Rolf Benziger, lecturer in software engineering at the University of Westminster, examines what Florence Nightingale could teach us about NHS waiting lists.
Florence Nightingale is still remembered, above all, as “the lady with the lamp”, the nurse walking among the beds of the military hospital in Scutari during the Crimean War. However, Nightingale was not only a nurse. She was also a campaigner and one of the great pioneers of data communication. She didn’t just collect evidence – she made data visible, persuasive and politically difficult to ignore.
That distinction matters today. The NHS is not short of data. It has waiting time statistics, operational dashboards, performance targets, referral-to-treatment measures, theatre utilisation figures, discharge data and workforce metrics. Yet the waiting list for elective care in England remains stubbornly high: NHS England reported around 6.1 million people waiting for treatment at the end of February 2026. While the number is falling, it’s still far above constitutional ambitions.
So the problem is not simply the absence of information. It is whether information is being communicated in a way that leads to better decisions.
Nightingale Roses
Nightingale understood this. During the Crimean War, she showed that many soldiers were not dying primarily from battle wounds, but from preventable disease. Her famous “Nightingale Roses”, polar area diagrams showing the causes of death, made the scale of the deaths from preventable diseases visually unmistakable. The point was not decorative data visualisation. It was a moral argument through evidence. By clearly showing patterns, she helped persuade policymakers that sanitary reform was not optional but urgent.
That lesson is highly relevant to today’s NHS. Waiting lists are often discussed as a single large number. But a large number can obscure as much as it reveals. It tells us that patients are waiting, but not enough about where the delays arise, which parts of the system are under pressure, what types of patients are most affected, or which interventions would make the biggest difference.
If Nightingale were to look at NHS waiting lists now, I suspect she would not ask for more complex dashboards. She would ask better questions.
First, she would focus on causes. Many modern dashboards are descriptive: they show what has happened, how many people are waiting, and whether performance is moving up or down. Although useful, this is insufficient. A Nightingale-style approach would diagnose the issues and prescribe solutions. It would ask: which pathways are creating the longest delays? Are bottlenecks caused by diagnostics, outpatient capacity, theatre scheduling, staffing, discharge delays, cancellations, or follow-up processes? Which waits are clinically risky, and which are administratively avoidable?
Second, Nightingale would look at the whole end-to-end patient journey. Waiting lists are not produced at a single point. They emerge across pathways: referral, triage, diagnostics, outpatient review, decision to admit, pre-operative assessment, surgery, discharge and follow-up. Looking only at isolated statistics risks missing the flow of patients through the whole system. This is where process mining could help. Rather than treating waiting lists as static queues, we can examine the sequence of events that patients actually experience. We can identify where patients loop back, where handovers fail, where cases sit idle, where appointments are cancelled, and where different patient groups experience different patterns of delay. Recent reporting on elective surgery cancellations, for example, has highlighted how late identification of medical issues, missed tests, emergency pressures, and list overruns can disrupt planned care. These are not just numbers; they are signals about how the system behaves.
Third, Nightingale would communicate consequences, not just metrics. A waiting list is not merely an operational backlog. It represents pain, uncertainty, deterioration, anxiety, lost work, family stress and, in some cases, avoidable harm.

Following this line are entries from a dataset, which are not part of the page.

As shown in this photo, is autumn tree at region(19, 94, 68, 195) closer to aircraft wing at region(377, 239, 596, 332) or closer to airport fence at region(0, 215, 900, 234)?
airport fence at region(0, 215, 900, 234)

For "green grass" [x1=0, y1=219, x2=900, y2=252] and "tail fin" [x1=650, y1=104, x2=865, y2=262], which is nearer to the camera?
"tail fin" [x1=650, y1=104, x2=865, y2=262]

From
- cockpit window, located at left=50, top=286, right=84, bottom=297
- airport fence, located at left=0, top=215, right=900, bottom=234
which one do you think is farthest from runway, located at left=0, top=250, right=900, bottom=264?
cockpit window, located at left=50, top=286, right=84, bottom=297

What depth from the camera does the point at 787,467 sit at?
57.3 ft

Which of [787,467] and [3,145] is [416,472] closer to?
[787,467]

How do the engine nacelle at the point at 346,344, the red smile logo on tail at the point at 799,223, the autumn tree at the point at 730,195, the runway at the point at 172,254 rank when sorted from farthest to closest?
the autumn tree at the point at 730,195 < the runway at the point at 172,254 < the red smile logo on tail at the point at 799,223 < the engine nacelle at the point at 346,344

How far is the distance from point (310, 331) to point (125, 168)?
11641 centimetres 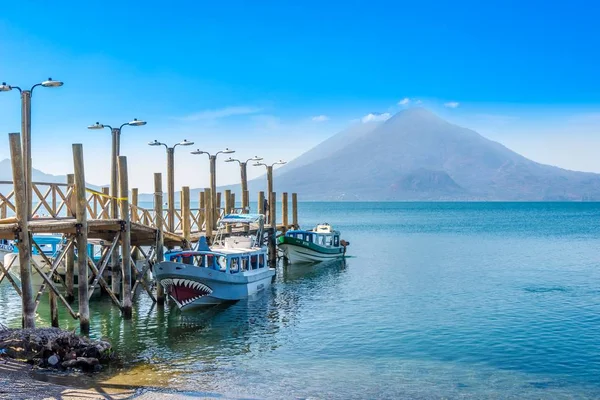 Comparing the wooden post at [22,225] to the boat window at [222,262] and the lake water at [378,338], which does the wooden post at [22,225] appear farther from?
the boat window at [222,262]

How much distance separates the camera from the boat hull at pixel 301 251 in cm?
4850

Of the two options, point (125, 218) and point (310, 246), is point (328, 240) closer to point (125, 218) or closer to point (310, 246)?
point (310, 246)

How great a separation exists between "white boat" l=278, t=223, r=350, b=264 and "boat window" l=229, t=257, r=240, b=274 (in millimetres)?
17367

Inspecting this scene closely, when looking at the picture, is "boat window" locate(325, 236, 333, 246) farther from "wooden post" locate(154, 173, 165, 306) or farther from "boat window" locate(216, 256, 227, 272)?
"wooden post" locate(154, 173, 165, 306)

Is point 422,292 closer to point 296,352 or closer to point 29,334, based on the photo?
point 296,352

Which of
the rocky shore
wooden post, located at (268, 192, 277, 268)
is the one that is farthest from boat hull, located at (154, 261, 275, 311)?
wooden post, located at (268, 192, 277, 268)

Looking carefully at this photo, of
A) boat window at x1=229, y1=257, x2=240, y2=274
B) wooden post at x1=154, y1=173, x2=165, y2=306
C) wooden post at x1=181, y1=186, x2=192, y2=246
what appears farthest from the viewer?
wooden post at x1=181, y1=186, x2=192, y2=246

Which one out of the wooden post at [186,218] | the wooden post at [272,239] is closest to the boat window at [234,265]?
the wooden post at [186,218]

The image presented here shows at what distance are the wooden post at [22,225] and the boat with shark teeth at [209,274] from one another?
29.0 feet

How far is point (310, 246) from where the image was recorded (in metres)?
49.4

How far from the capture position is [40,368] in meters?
17.1

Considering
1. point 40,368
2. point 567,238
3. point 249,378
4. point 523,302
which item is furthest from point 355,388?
point 567,238

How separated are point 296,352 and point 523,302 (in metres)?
14.4

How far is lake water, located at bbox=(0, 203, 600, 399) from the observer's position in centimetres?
1797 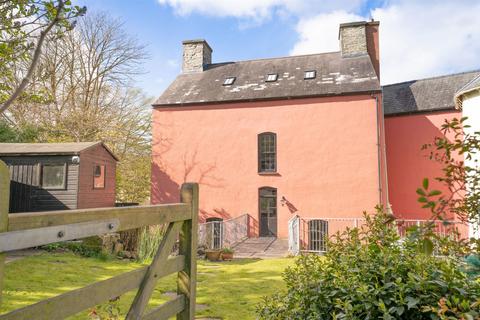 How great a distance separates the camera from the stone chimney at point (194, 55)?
20.8m

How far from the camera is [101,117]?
937 inches

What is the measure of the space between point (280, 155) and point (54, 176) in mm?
11084

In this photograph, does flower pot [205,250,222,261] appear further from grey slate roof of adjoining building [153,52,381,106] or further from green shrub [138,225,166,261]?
grey slate roof of adjoining building [153,52,381,106]

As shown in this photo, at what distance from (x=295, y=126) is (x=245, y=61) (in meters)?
6.85

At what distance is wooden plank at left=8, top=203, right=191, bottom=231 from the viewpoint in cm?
145

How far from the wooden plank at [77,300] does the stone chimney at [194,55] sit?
65.5 feet

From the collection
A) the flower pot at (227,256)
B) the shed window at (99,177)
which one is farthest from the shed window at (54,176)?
the flower pot at (227,256)

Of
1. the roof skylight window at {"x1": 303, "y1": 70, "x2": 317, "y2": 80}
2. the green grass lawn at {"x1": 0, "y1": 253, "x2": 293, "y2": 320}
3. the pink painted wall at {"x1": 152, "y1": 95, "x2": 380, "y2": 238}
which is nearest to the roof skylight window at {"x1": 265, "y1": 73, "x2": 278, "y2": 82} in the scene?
the roof skylight window at {"x1": 303, "y1": 70, "x2": 317, "y2": 80}

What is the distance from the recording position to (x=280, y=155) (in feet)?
54.7

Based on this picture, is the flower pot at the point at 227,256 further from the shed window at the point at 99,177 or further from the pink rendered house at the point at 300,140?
the shed window at the point at 99,177

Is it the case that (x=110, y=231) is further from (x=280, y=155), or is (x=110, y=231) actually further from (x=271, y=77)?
(x=271, y=77)

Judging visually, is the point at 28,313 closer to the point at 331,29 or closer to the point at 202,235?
the point at 202,235

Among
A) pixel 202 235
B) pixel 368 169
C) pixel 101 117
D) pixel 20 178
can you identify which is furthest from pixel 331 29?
pixel 20 178

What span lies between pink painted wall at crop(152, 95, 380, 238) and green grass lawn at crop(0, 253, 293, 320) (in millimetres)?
5933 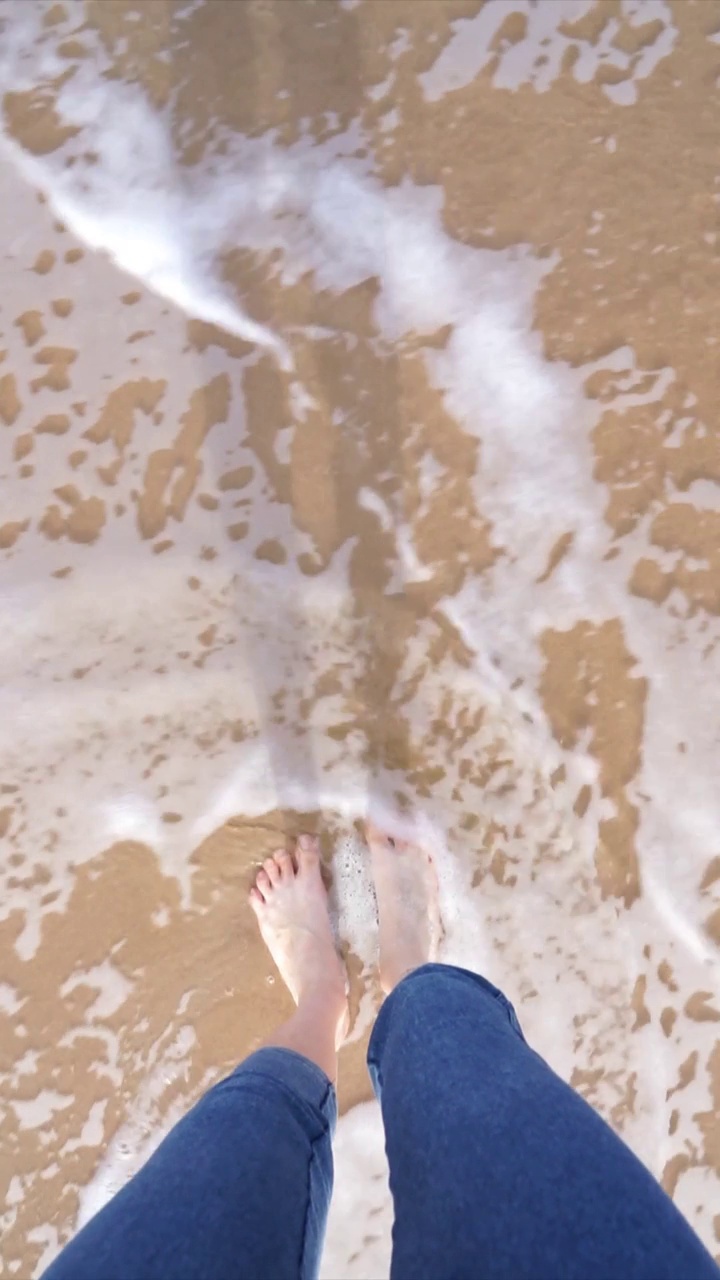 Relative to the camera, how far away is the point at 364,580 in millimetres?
1160


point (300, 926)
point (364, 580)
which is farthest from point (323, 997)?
point (364, 580)

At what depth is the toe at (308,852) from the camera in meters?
1.16

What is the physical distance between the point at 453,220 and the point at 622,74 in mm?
317

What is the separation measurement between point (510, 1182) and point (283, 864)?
0.59 m

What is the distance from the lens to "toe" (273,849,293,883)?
115 cm

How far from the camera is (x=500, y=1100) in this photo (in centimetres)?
68

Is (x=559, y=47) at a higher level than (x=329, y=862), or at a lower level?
higher

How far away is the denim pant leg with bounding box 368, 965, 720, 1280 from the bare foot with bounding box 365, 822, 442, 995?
338mm

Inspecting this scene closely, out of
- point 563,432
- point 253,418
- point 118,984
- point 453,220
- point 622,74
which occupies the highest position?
point 622,74

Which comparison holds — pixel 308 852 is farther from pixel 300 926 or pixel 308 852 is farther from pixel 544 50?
pixel 544 50

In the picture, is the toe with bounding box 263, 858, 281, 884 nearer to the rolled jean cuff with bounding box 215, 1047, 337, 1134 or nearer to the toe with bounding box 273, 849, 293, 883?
the toe with bounding box 273, 849, 293, 883

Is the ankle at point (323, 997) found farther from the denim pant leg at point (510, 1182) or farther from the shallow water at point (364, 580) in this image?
the denim pant leg at point (510, 1182)

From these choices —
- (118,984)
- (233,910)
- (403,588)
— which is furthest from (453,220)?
(118,984)

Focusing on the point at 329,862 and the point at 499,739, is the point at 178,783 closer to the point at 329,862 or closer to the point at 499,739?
the point at 329,862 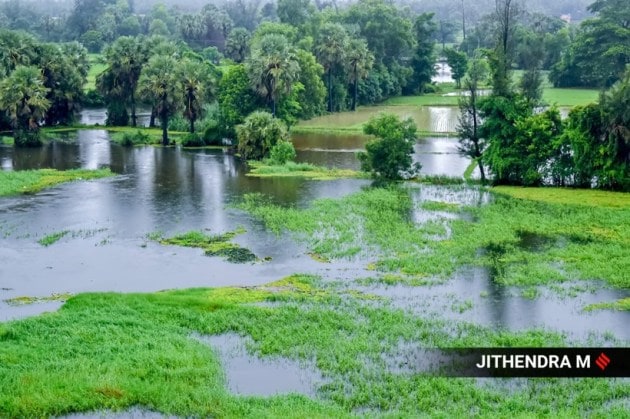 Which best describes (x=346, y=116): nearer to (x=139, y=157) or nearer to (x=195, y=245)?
(x=139, y=157)

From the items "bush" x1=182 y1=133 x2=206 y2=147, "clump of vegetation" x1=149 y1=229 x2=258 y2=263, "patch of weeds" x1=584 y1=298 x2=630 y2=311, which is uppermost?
"bush" x1=182 y1=133 x2=206 y2=147

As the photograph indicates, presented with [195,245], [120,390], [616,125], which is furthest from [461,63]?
[120,390]

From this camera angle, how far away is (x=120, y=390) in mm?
23609

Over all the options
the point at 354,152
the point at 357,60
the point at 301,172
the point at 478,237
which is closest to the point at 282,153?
the point at 301,172

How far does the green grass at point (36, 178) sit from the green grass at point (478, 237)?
14.3 m

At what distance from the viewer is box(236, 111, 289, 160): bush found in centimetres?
6391

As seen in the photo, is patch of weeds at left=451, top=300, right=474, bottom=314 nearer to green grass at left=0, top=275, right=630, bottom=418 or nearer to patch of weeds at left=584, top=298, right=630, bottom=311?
green grass at left=0, top=275, right=630, bottom=418

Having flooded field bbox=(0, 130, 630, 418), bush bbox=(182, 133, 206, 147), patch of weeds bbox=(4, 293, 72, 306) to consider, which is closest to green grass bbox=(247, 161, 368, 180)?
flooded field bbox=(0, 130, 630, 418)

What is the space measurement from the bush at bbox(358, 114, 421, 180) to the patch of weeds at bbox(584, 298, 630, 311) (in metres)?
24.9

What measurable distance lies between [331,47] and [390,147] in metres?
37.9

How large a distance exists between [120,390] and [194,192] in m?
29.7

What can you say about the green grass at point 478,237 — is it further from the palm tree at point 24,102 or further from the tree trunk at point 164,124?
the palm tree at point 24,102

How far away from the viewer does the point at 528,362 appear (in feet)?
83.8

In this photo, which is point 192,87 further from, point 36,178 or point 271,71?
point 36,178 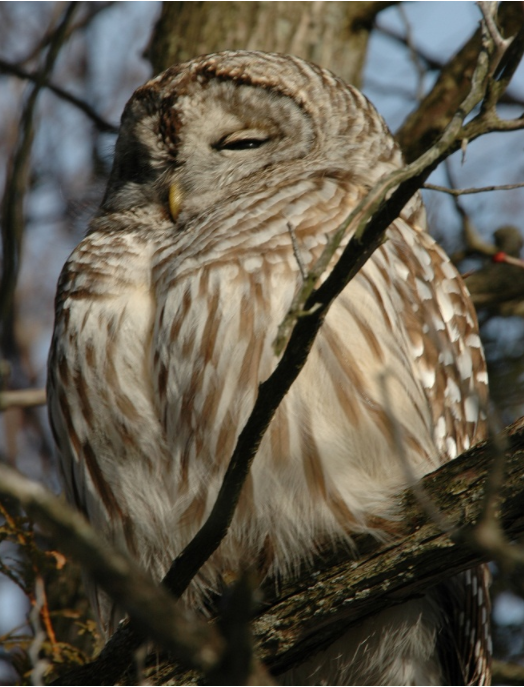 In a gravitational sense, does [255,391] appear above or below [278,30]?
below

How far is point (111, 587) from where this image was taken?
1.23m

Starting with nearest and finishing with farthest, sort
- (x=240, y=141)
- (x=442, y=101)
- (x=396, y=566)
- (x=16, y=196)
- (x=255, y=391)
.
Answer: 1. (x=16, y=196)
2. (x=396, y=566)
3. (x=255, y=391)
4. (x=240, y=141)
5. (x=442, y=101)

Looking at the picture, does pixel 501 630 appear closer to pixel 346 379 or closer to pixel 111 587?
pixel 346 379

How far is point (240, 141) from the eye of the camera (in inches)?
149

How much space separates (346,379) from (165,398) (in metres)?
0.59

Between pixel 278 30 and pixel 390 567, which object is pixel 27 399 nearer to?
pixel 390 567

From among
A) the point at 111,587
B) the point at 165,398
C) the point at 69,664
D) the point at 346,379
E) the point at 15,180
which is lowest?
the point at 111,587

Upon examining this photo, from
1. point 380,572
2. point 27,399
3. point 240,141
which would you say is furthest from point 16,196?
point 27,399

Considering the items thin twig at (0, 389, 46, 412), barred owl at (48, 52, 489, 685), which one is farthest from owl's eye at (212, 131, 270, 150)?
thin twig at (0, 389, 46, 412)

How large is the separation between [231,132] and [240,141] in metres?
0.06

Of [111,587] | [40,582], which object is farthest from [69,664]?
[111,587]

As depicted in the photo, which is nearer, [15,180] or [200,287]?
[15,180]

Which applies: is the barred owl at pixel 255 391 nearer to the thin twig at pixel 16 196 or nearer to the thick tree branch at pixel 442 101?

Data communication should make those consequences visible without becoming sensationalist. It should connect system behaviour to human experience.
This is especially important in a world producing more data than ever. The research firm IDC estimates that more than 527 zettabytes of data will be generated globally in 2029. But more data does not automatically mean more understanding. In many organisations, including healthcare systems, the result is an abundance of dashboards that are technically impressive but strategically weak: crowded, fragmented, hard to interpret, and better at reporting performance than enabling action.

Better communication
Nightingale’s genius was not that she had data. It was that she transformed data into a case for reform. She understood that evidence must be arranged, framed and communicated so that decision-makers can see both the problem and the responsibility to act.
For the NHS, the lesson is simple but demanding. We should not ask dashboards merely to display waiting lists. We should ask them to explain waiting, expose preventable delay, connect operational failures to patient consequences, and guide action. The goal is not more measurement for its own sake, but better communication in the service of better care.
If Nightingale were here today, she would probably recognise the danger of mistaking visibility for insight. A number on a dashboard can tell us that the system is under strain. But unless it shows why the strain occurs, where it accumulates, and what could be changed, it risks becoming another lamp held over a problem we have already learned to tolerate.
Evidence matters. But Nightingale’s enduring lesson is that evidence only changes systems when it is made visible, intelligible and actionable.